There are several published versions of the Coptic Bible. The most recent, and most complete, is that of St. Shenouda the Archmandrite Coptic Society. It is the Coptic Bible project that is most worthy of investment at the moment.
This directory contains the data and logic for processing dictionaries into flashcards. It is named as such because our first use case was a flashcard app, although our use of the dictionaries has since become more versatile.
When you import a package into your (personal) Anki database, Anki uses the IDs to eliminate duplicates.
Uniqueness is therefore important.
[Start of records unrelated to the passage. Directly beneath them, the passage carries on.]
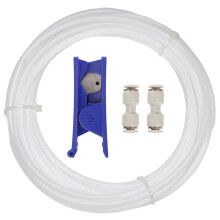 PTFE-Slang 2,5 mm ID 4 mm OD, för X1/ X1C/ P1P/ P1S/ A1/ A1 , för K1 Max/för 3 V3 3D-Skrivare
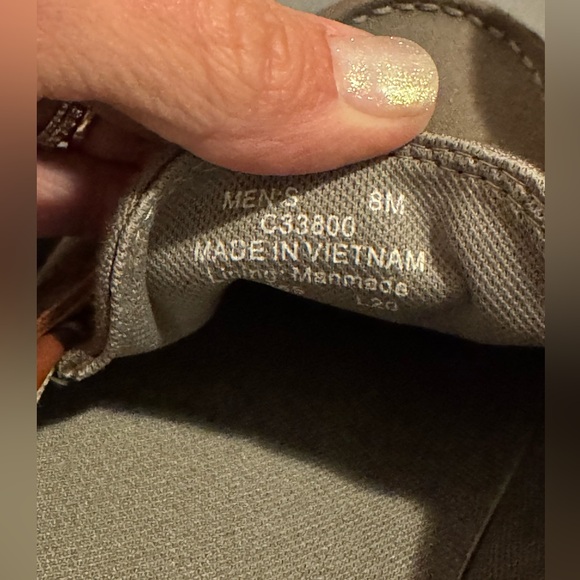 Cole Haan Men's Tan and Gray Slip-On Loafers - Picture 5 of 6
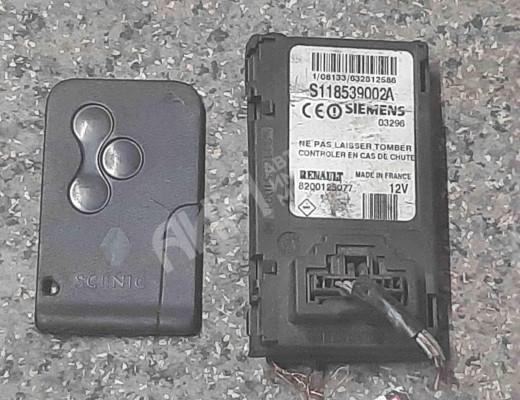 Замок зажигания Renault Scenic II (JM) 2003-2006  Renault Scenic Scenic II (JM) 2003-2006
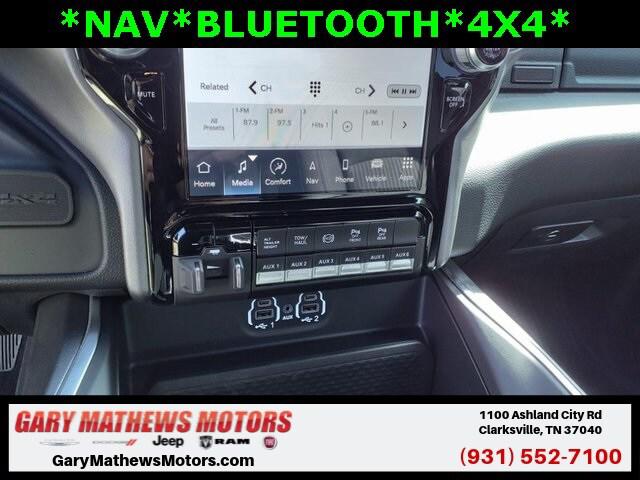 2024 RAM Ram 2500 RAM 2500 BIG HORN CREW CAB 4X4 64 BOX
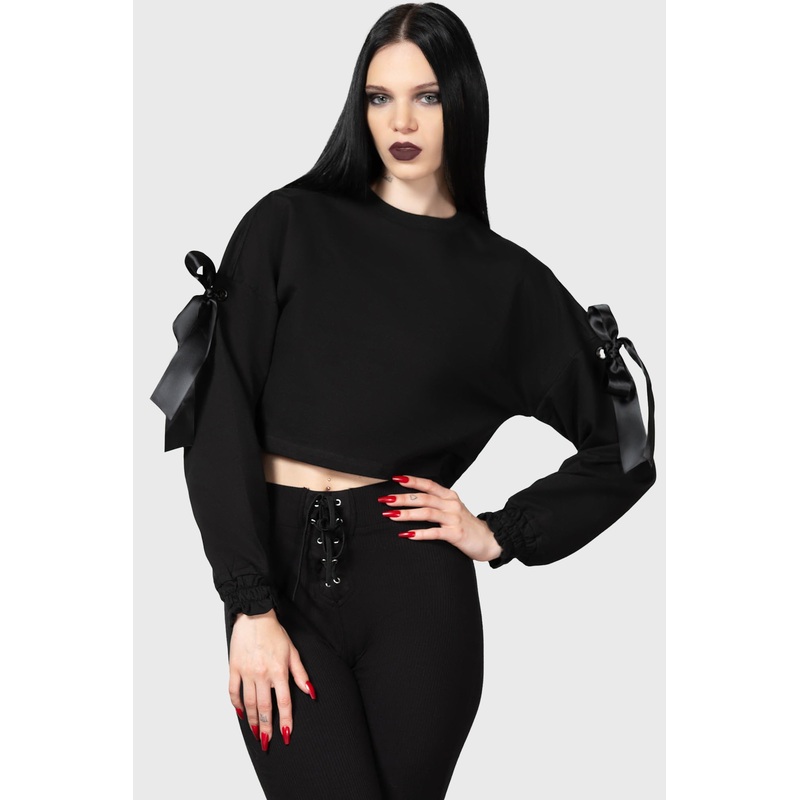 Ray Crop Sweater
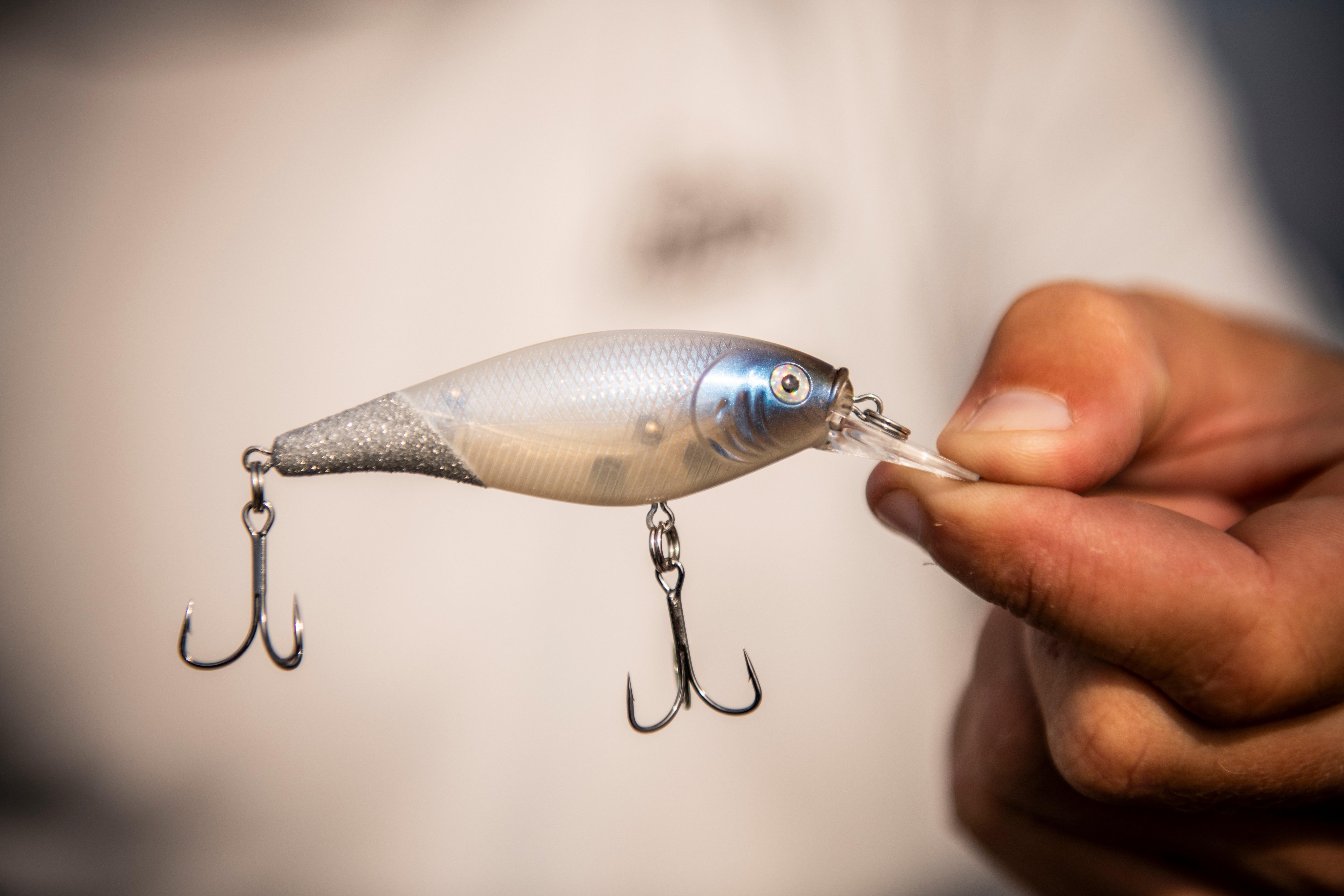 Berkley Flicker Shad Shallow 7CM Yellow Perch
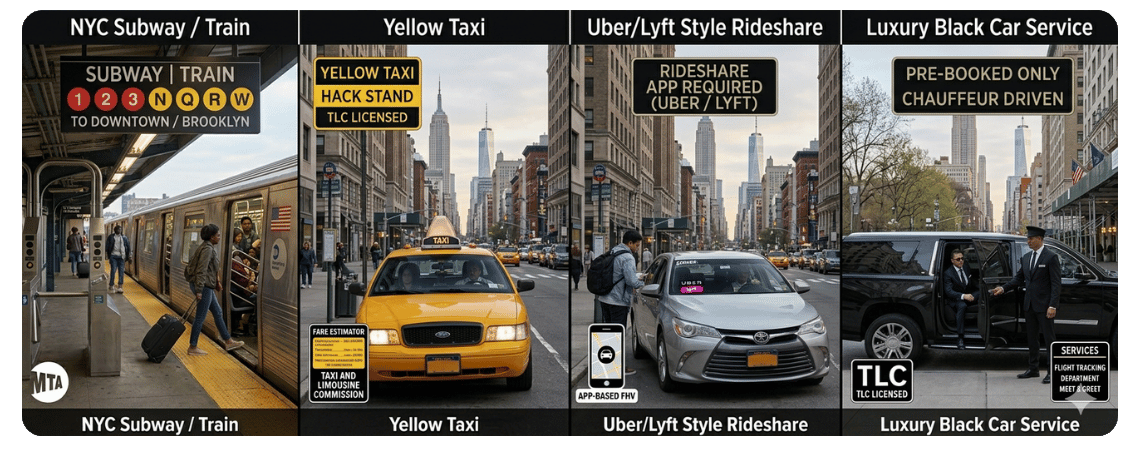 How to Get From LGA to Manhattan (Best Option for Every Traveler)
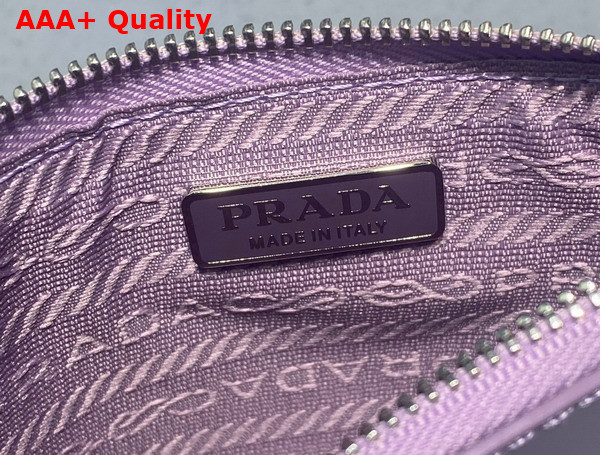 Prada Small Sequined Mesh Tote Bag in Lily 1BG417 Replica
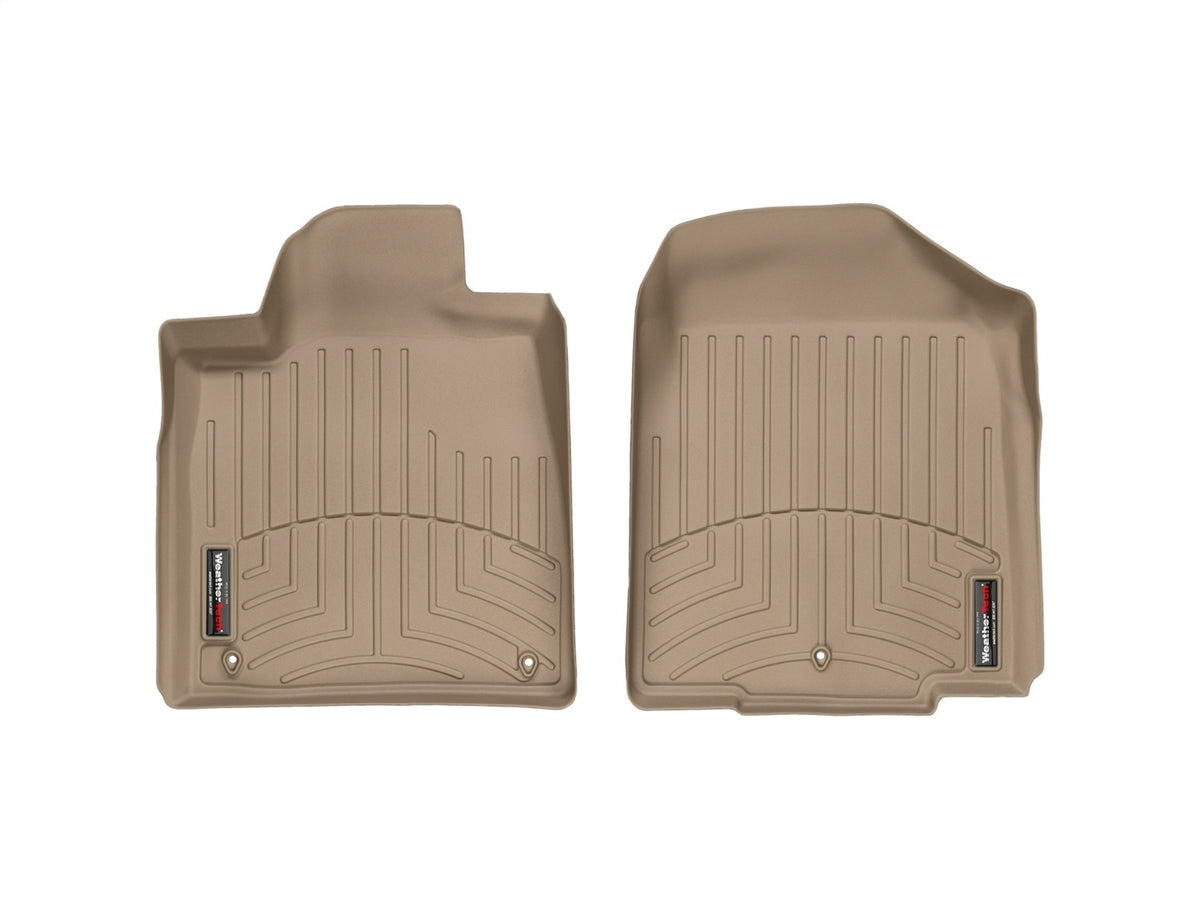 Weathertech - FloorLiner™ DigitalFit® Tan Front, Rear & Third Row Set 07-13 Acura MDX - 45114-1-2-3
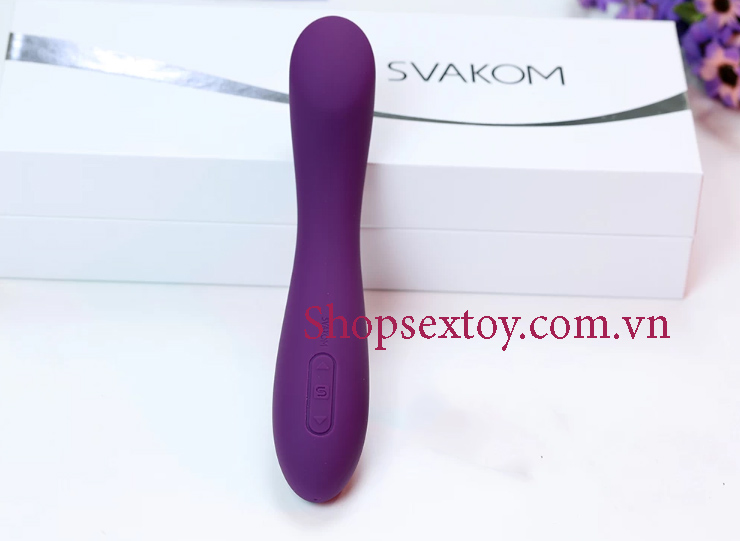 Máy massage âm đạo SVAKOM AMY 2 CR18 silicone cao cấp chống nước
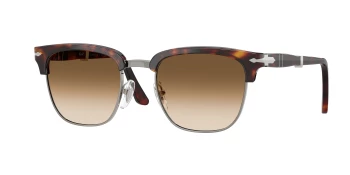 Persol PO3375S style-color 24/51 Havana / Gradient Brown Lens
But what is trickier, and perhaps more important, is persistence. If we export new versions of a certain deck regularly, we should maintain persistent IDs to ensure correct synchronization. Otherwise, identical pieces of data that have distinct IDs will result in duplicates.
There are three types of IDs in the generated package:
- Note ID
genanki
suggests
defining the GUID as a hash of a subset of fields that uniquely identify a
note.
The GUID must be unique across decks. Therefore, this subset of field values must be unique, including across decks. You can solve this by prefixing the keys with the name of the deck.
In our script, we ask the user to provide a list of keys as part of their input, along the list of fronts, backs, deck names, ... etc. The users of the package must assign the keys properly, ensuring uniqueness, and refraining from changing / reassigning them afterwards.
This is somewhat straightforward for Marcion's words. Use of Marcion's IDs for synchronization should suffice.
For the Bible, we could use the verse reference as a note ID, and ensure that the book names, chapter numbers, and verse numbers don't change in a following version.
For other data creators without programming expertise, a sequence number works as long as nobody inserts a new row in the middle of the CSV, which would mess up the keys. Discuss keying with those creators. As of today, only copticsite.com's data has this problem.
- Deck ID
Whenever possible, we use a hardcoded deck ID. This is not possible for decks that are autogenerated, such as the Bible decks which are separated for nesting (as opposed to being grouped in a single deck). In such cases, we use a hash of the deck name, and the deck name becomes a protected field.
- Model ID
Model IDs are hardcoded.
This directory contains the data and logic for generating the morphological dictionaries (to support inflections).
This directory contains the data and logic for creating and publishing our website.
Code is released under GPL-3.0. Lexicon data is released under CC BY-SA 4.0.
Ⲉ̀ϣⲱⲡ ⲁⲓϣⲁⲛⲉⲣⲡⲉⲱⲃϣ Ⲓⲗ̅ⲏ̅ⲙ̅, ⲉⲓⲉ̀ⲉⲣⲡⲱⲃϣ ⲛ̀ⲧⲁⲟⲩⲓⲛⲁⲙ: Ⲡⲁⲗⲁⲥ ⲉϥⲉ̀ϫⲱⲗϫ ⲉ̀ⲧⲁϣ̀ⲃⲱⲃⲓ ⲉ̀ϣⲱⲡ ⲁⲓϣ̀ⲧⲉⲙⲉⲣⲡⲉⲙⲉⲩⲓ.